Najbardziej znana polska historia wielkiej odprawy to przypadek prezesa Orlenu Jacka Walczykowskiego. Pracował w państwowej firmie 19 dni i żądał za to 7 milionów złotych odprawy. Ostatecznie przegrał przed sądem i nie dostał złotówki. To jednak wyjątek potwierdzający regułę, że członkowie zarządów państwowych firm wielokrotnie otrzymywali w postaci odprawy szokujące sumy.
Po podaniu się do dymisji były prezes PGE Krzysztof Kilian dostał prawie 2 miliony złotych odprawy. Szef Narodowego Centrum Sportu Rafał Kapler wziął 600 tysięcy. Odchodzący z CIECHu Mirosław Kochalski zabrał milion złotych. Ludwikowi Sobolewskiemu ułatwiono odejście z funkcji prezesa Giełdy Papierów Wartościowych przelewem na ponad milion złotych.
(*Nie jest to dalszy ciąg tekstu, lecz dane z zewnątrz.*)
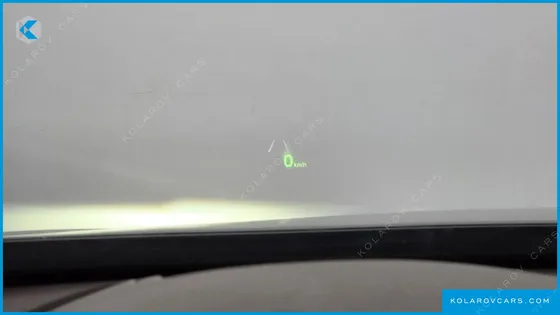KIA K7 3.3 GDI NOBLESSE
Szczególnie szokujące są przypadki managerów, którzy pracują w spółkach bardzo krótki czas a mimo to należy im się odprawa. Jedną z takich osób jest Robert Pietryszyn - nowy prezes Lotosu. Pietryszyn przez pięć miesięcy przed wyjazdem do Gdańska pracował jako członek zarządów dwóch innych państwowych firm: PZU i PZU Życie. Po jego odejściu na stanowisko szefa Lotosu natychmiast pojawiły się pytania, czy Pietryszyn zostanie hojnie nagrodzony za zaledwie kilka miesięcy pracy.
Firma kilka dni temu poinformowała Gazetę Wyborczą, że prezes Pietryszyn nie miał prawa do "żadnego odszkodowania ani odprawy", bo w taki sposób konstruowane są umowy o pracę z członkami zarządów w grupie.
Poszliśmy tym tropem i, jak się dowiedzieliśmy Pietryszyn, miał otrzymać kilkaset tysięcy złotych z tytułu zakazu konkurencji w firmach z branży ubezpieczeniowej. PZU przyznaje, że takie umowy są zawierane niezależnie od umów o pracę. Były prezes PZU Andrzej Klesyk dostał prawie 3 miliony złotych, gdy kilka miesięcy temu "na prośbę ministra skarbu z PIS" złożył dymisję.
Tymczasem Robert Pietryszyn postanowił nie przyjmować odszkodowania. Jak się dowiedzieliśmy do PZU wpłynęło jego pismo, w którym informuje o decyzji i rezygnuje z przelewu na mniej więcej pół miliona złotych.